=== About this task ===
Say how many lines in the entries below have the word "room" in them, giving only the number.

=== Exercise data ===
*** Block opens ***
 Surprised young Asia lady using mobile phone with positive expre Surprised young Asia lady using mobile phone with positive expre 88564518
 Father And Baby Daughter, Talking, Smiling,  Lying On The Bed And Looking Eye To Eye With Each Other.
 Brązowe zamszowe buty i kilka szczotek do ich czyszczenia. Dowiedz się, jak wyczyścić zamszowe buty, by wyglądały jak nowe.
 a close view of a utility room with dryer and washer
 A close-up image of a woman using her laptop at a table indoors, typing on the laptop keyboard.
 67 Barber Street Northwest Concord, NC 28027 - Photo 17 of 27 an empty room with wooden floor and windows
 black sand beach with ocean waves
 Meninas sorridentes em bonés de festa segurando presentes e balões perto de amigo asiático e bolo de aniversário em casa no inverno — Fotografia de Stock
*** Block closes ***
=== Written response ===
2